=== Data provided ===

□ □ □

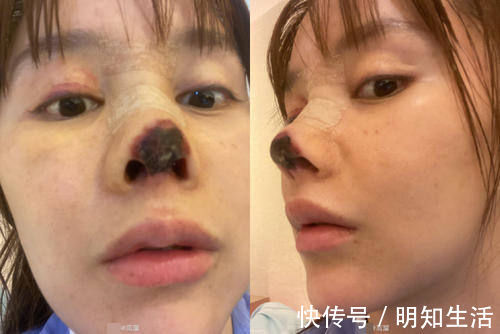 整形|高溜整形失败:整形市场乱象丛生,如此遭遇该谁赔偿?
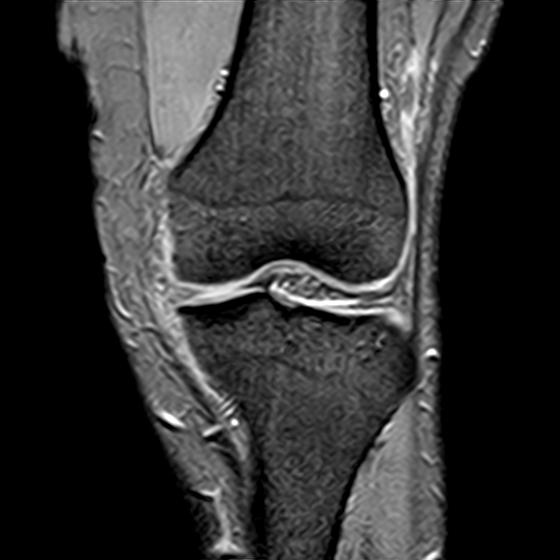 File:Bucket handle tear - medial meniscus (Radiopaedia 29250-29664 B 6).jpg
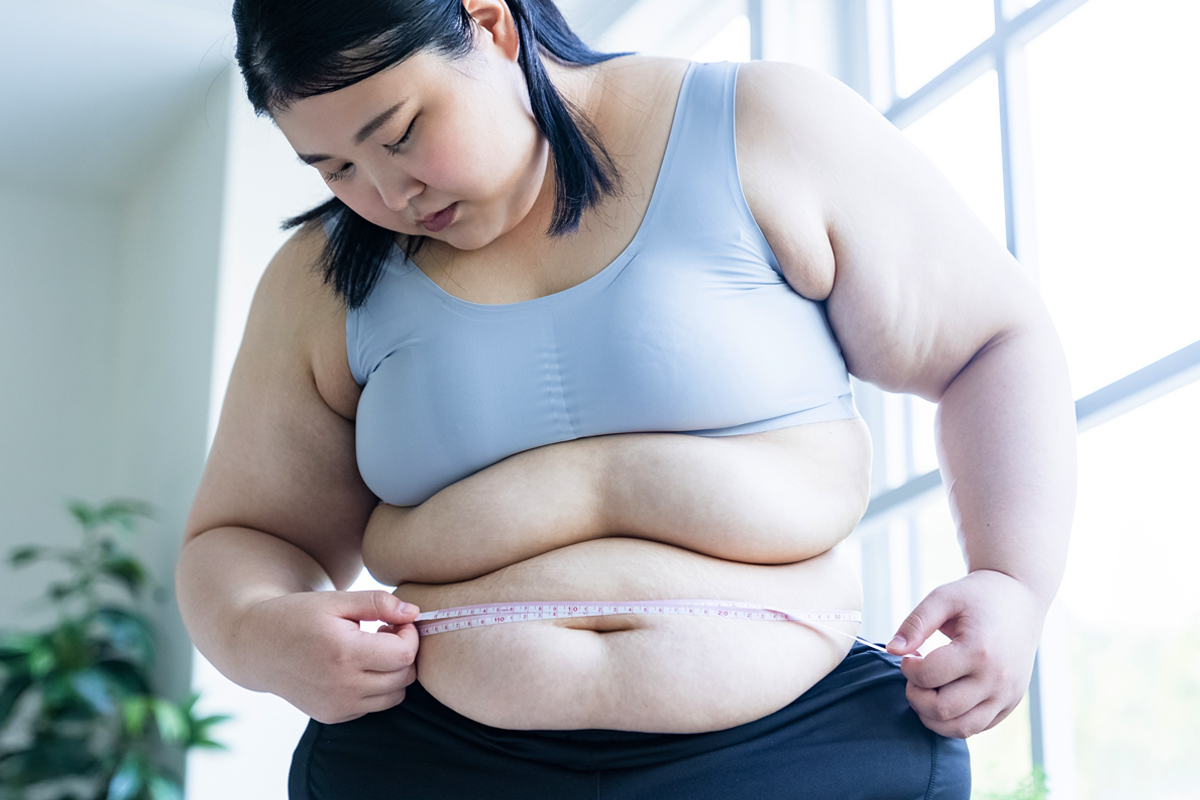 縮胃手術會復胖嗎？7種減重代謝手術、費用、適應症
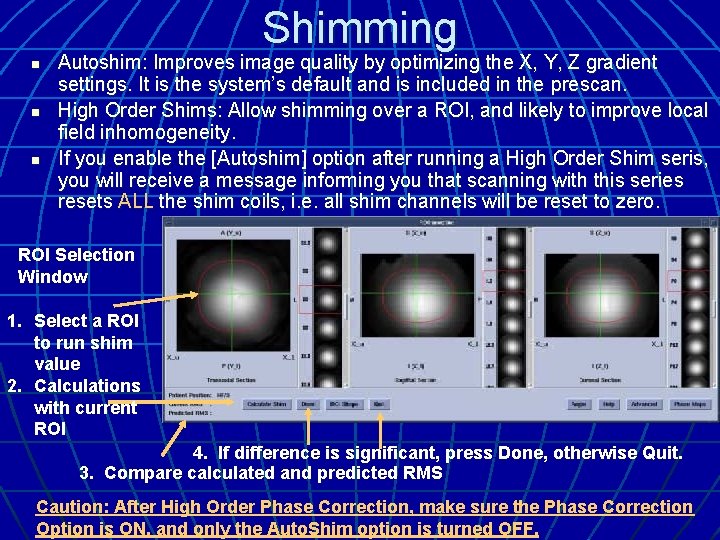 Shimming n n n Autoshim: Improves image quality by optimizing the X, Y, Z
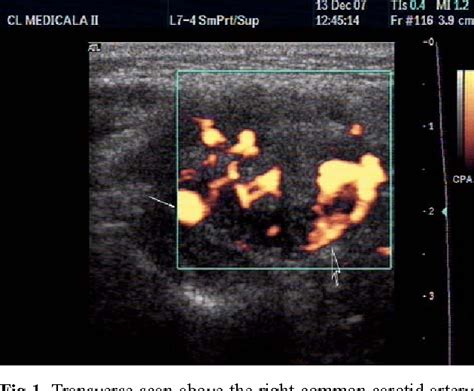 Figure 1 From The Role Of Ultrasonography In The Diagnosis Of Glomic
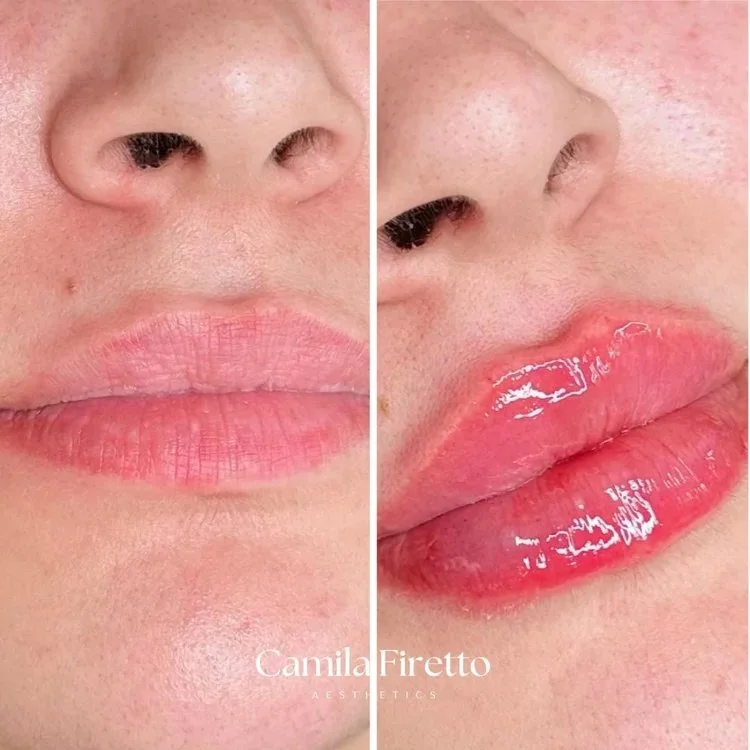 lips0426.jpeg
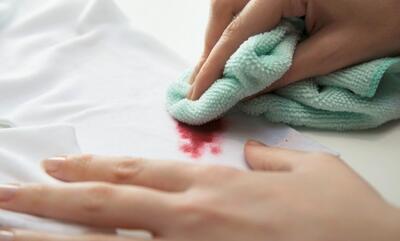  روش از بین بردن لکه‌های سمج لبو از لباس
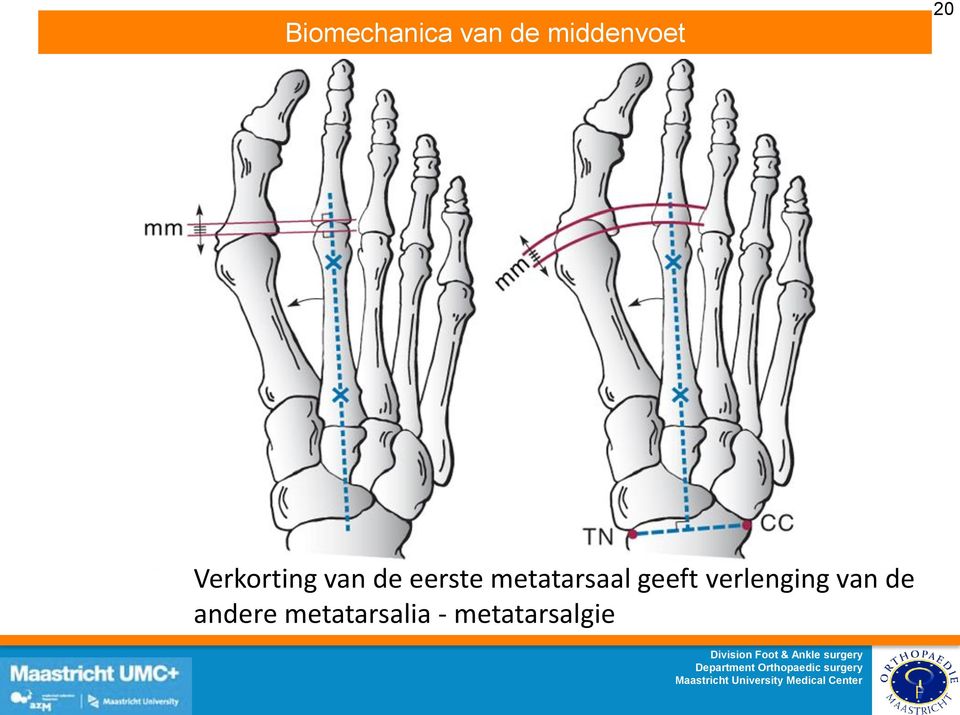 metatarsaal geeft verlenging van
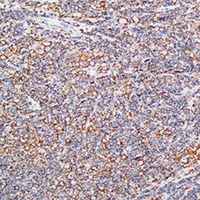 IL-10 Antibody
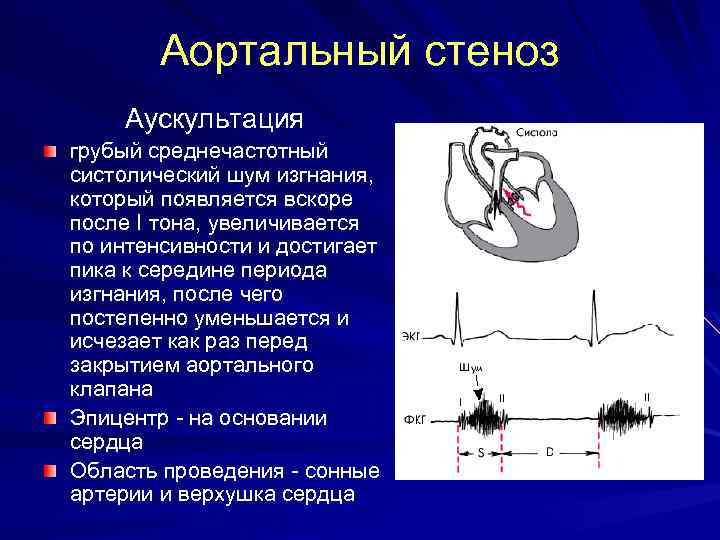 Аортальный стеноз Аускультация грубый среднечастотный систолический шум изгнания, который появляется вскоре после I тона,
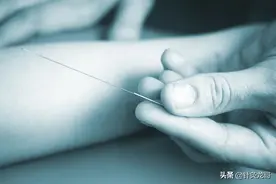 初学者学习针灸，记住师父扎的每一个穴位，为什么还是没有疗效？图片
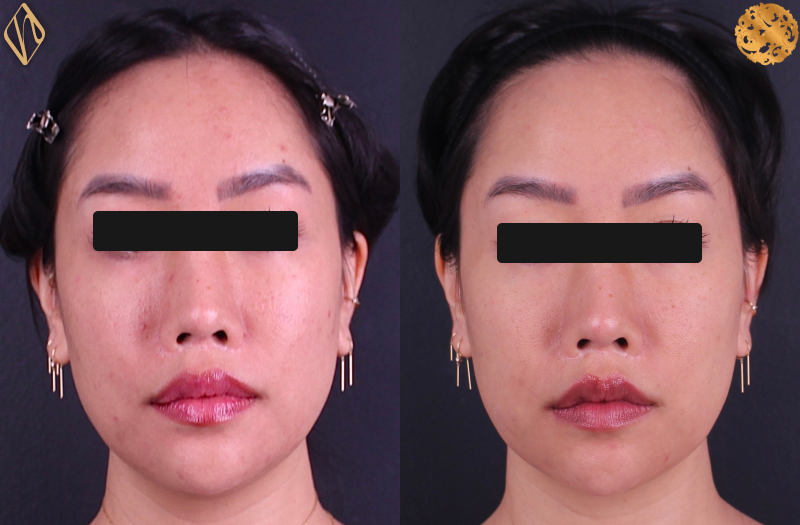 FaceTite 2 Combined Image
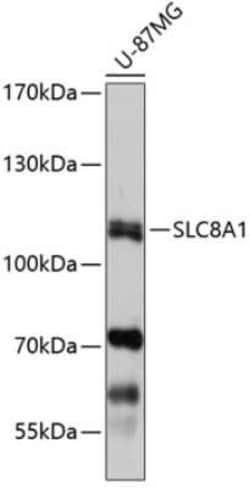 Sodium Calcium Exchanger 1/NCX1 Antibody - Azide and BSA Free, Novus Biologicals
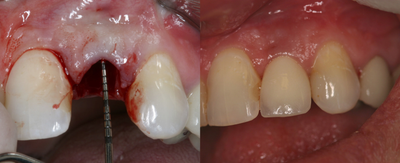 Dental Implants before and after photo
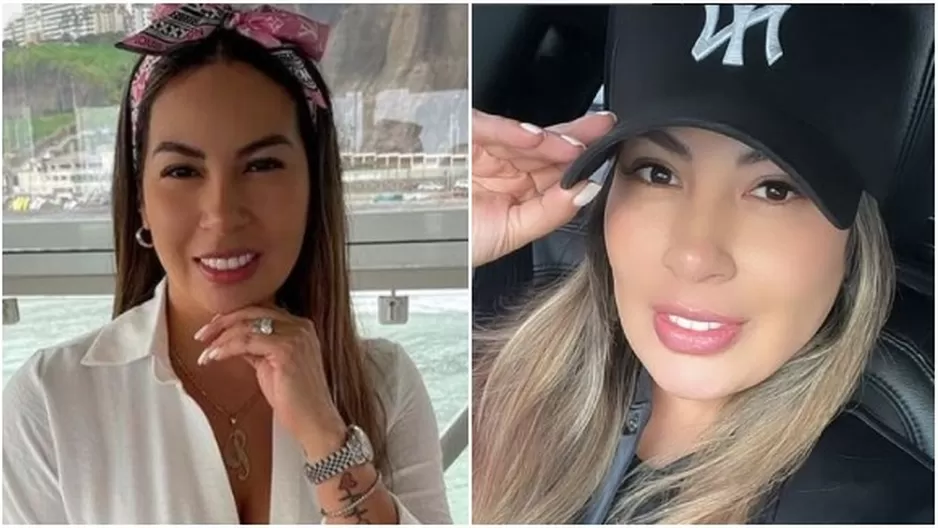 Pamela López se sometió a nuevo retoque estético. Fuente: Instagram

□ □ □

=== Assignment ===
Would you reproduce the listing above exactly, without any of its images?

=== Reply to the exercise ===
 整形|高溜整形失败:整形市场乱象丛生,如此遭遇该谁赔偿?
 File:Bucket handle tear - medial meniscus (Radiopaedia 29250-29664 B 6).jpg
 縮胃手術會復胖嗎？7種減重代謝手術、費用、適應症
 Shimming n n n Autoshim: Improves image quality by optimizing the X, Y, Z
 Figure 1 From The Role Of Ultrasonography In The Diagnosis Of Glomic
 lips0426.jpeg
  روش از بین بردن لکه‌های سمج لبو از لباس
 metatarsaal geeft verlenging van
 IL-10 Antibody
 Аортальный стеноз Аускультация грубый среднечастотный систолический шум изгнания, который появляется вскоре после I тона,
 初学者学习针灸，记住师父扎的每一个穴位，为什么还是没有疗效？图片
 FaceTite 2 Combined Image
 Sodium Calcium Exchanger 1/NCX1 Antibody - Azide and BSA Free, Novus Biologicals
 Dental Implants before and after photo
 Pamela López se sometió a nuevo retoque estético. Fuente: Instagram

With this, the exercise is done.